Abbott’s announcement could have major implications for refugees coming to the United States. Texas has large refugee populations in several of its cities and has long been a leader in settling refugees, taking in more than any other state during the 2018 governmental fiscal year, according to the United Nations High Commissioner for Refugees.
Since the 2002 fiscal year, Texas has resettled an estimated 88,300 refugees, second only to California, according to the Pew Research Center.
In a letter released Friday, Abbott wrote that Texas “has been left by Congress to deal with disproportionate migration issues resulting from a broken federal immigration system.” He added that Texas has done “more than its share.”
Abbott argued that the state and its non-profit organizations should instead focus on “those who are already here, including refugees, migrants, and the homeless — indeed, all Texans.”
It wasn’t clear how Abbott’s letter might affect any currently pending refugee cases.
Refugee groups sharply criticized the Republican governor. Ali Al Sudani, chief programs officer of Interfaith Ministries for Greater Houston, predicted that some refugees with longstanding plans to come to Texas would have flights rescheduled or delayed. Al Sudani settled in Houston from Iraq in 2009 and now works to resettle other refugees.
“You can imagine the message that this decision will send to them and to their families,” Al Sudani said. “It’s very disappointing and very sad news, and honestly, this is not the Texas that I know.”
Dallas County Judge Clay Jenkins said he had met refugees in Dallas who had previously served as interpreters or aides for U.S. soldiers.
“You have people who are fleeing violence, people who are assisting us in the war on terror, who are having the door slammed in their faces,” said Jenkins, a Democrat who is the county’s chief administrative official.
President Donald Trump announced in September that resettlement agencies must get written consent from state and local officials in any jurisdiction where they want to help resettle refugees beyond June 2020. Trump has already slashed the number of refugees allowed into the country for the 2020 fiscal year to a historic low of 18,000. About 30,000 refugees were resettled in the U.S. during the previous fiscal year.

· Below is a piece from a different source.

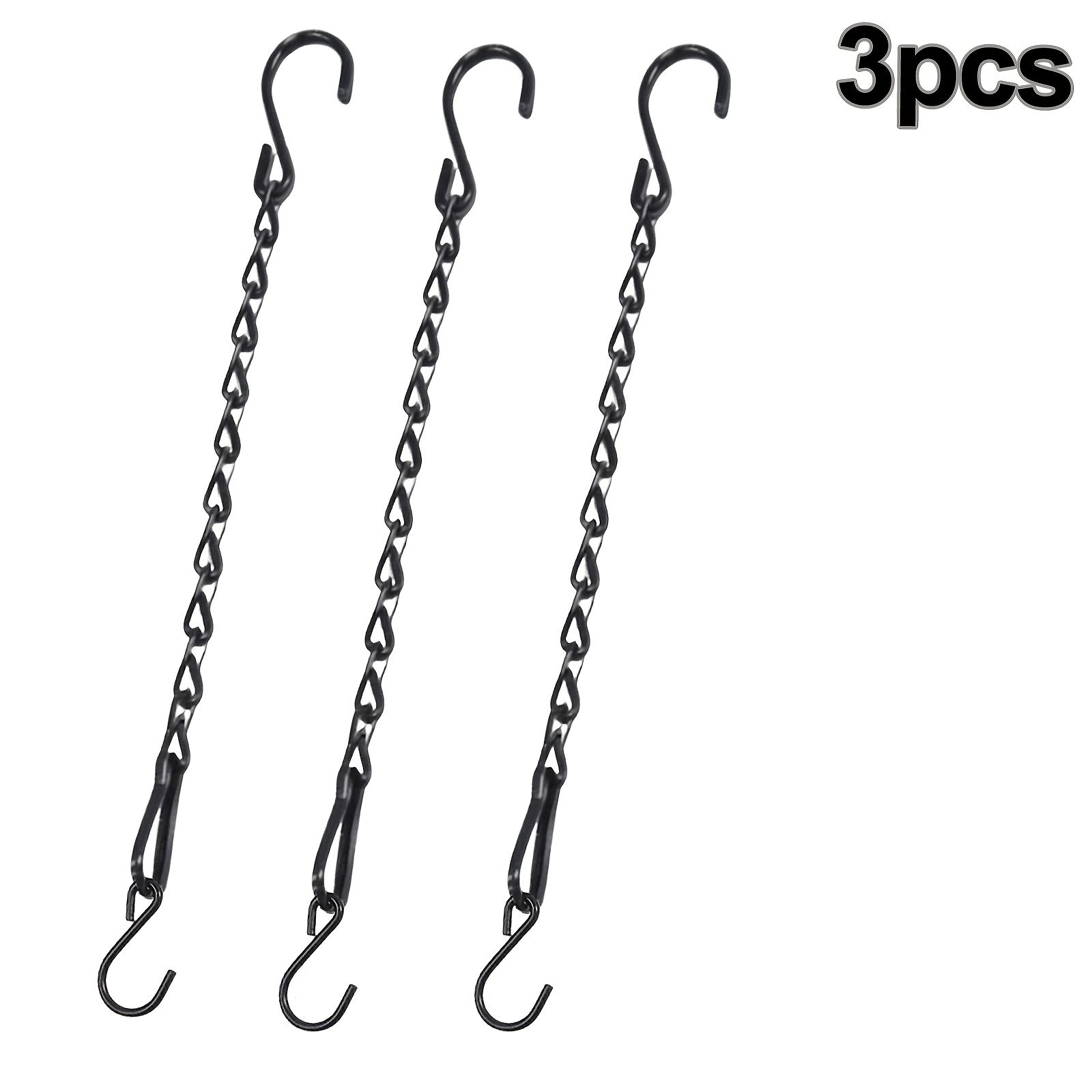 TEMU 3/6/9 pezzi Catene sospese in metallo extra-lunghe da 40 cm - ganci a S e clip. Lunghezza regolabile, robuste e resistenti. Ideali per appendere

Governors in 42 other states have said they will consent to allowing in more refugees, according to the Lutheran Immigration and Refugee Service, which works with local agencies throughout the U.S. to resettle refugees. The governors who haven’t chimed in are from Alabama, Georgia, Hawaii, Florida, Mississippi, South Carolina, and Wyoming.
Fierce debates have occurred in several parts of the country, including North Dakota and Tennessee, over whether to opt into refugee resettlement under the executive order. Many Republican governors have been caught between immigration hardliners and some Christian evangelicals who believe helping refugees is a moral obligation.

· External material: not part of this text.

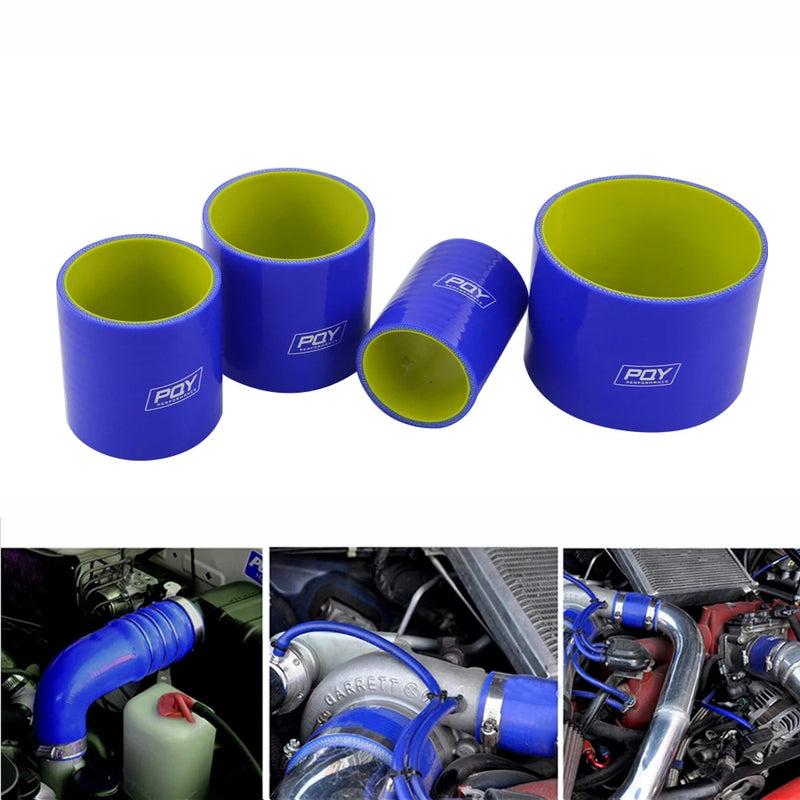 Mangueira de acoplamento de tubo de admissão de turbo intercooler de silicone reto azul e amarelo de 2" 51 mm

LIRS is also part of a lawsuit challenging the order. A federal judge on Wednesday heard arguments on a request by resettlement agencies to prevent the Trump administration from enforcing it.
Krish O’Mara Vignarajah, LIRS’ CEO, called Abbott’s decision “a devastating blow to a longstanding legacy of refugee resettlement in the state.” Local officials in Houston, Dallas, and other cities will not be able to take in refugees over the governor’s objection, she said.
“There are some refugee families who have waited years in desperation to reunite with their family who will no longer be able to do so in the state of Texas,” she said.
Abbott has tried to stop refugees before, declaring in 2015 that Texas would not welcome people from Syria following the deadly Paris attacks that November. At the time, the administration of former President Barack Obama continued to send refugees to Texas and other states led by Republican governors who were opposed to it.
Al Sudani, of Interfaith Ministries for Greater Houston, pointed out that even if refugees are resettled in a different state, they can travel freely within the U.S. and move wherever they choose.
“Literally you can take the bus the next day and come to Texas,” he said.